September Hello & Goodbye – and holding on to optimism in the face of defeatism.

by Laura Lynch LCSW, Life Coach

Well originally I was going to write about how glad I was for September to  come.  Kind of the perfect month for me.  The  intense desert heat recedes, the only Holiday is Labor Day, Fall is coming (my favorite season) and for me it is the real beginning of the year.

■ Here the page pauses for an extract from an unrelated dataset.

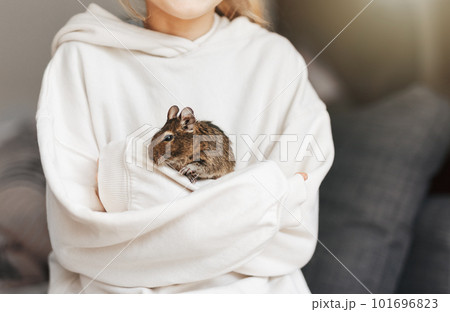 Young girl playing with small animal degu squirrel. 101696823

As a kid getting out of the school the summer stretched out gloriously – Free at Last! But by August we were more than ready for fall, the start of school (buying or having clothing  sewn), organizing notebooks with school supplies and most of all relief from boredom that finally descended on the house. (I was one of five).   Note this was ancient days, back when children could be seen running around the neighborhood, pre home computer, pre-internet, pre-cell phone, pre-social media, pre-video games days..The one thing i that was for sure that the year all five of us were in school my mom was finding a way to celebrate – talk about Free At Last!

This year I was glad for September to come because of unusually eventful summer with medical issues, and also because it means that November is that much closer and we will finally be free of this ridiculous political year.

But somehow September came and went and the only change was some cooling of the weather.  More medical issues with my husband getting to spend his first time in the hospital (I got desperate 3:00 a.m. texts asking me to take him out of there now!) and of course relentless election coverage.  (I did get an unexpected call from a New York based media organization wanting me to participate in an internet radio interview, the only issue is having to come up with money.  I am still wrestling with this, since I don’t have extra money lying around. But I do feel validated.)  The call also motivated me back to writing, enough of the excuses.

Finally I just cannot believe it is October 1.  Oh September, why can’t you stay a little longer? The holidays are bearing down.  A colleague reports that some stores already have Christmas/Holidays decorations up.  It’s as if holiday-loving zombies were in charge. Or perhaps holidays loving Daleks who really want us to enjoy the holidays. (see Dr. Who).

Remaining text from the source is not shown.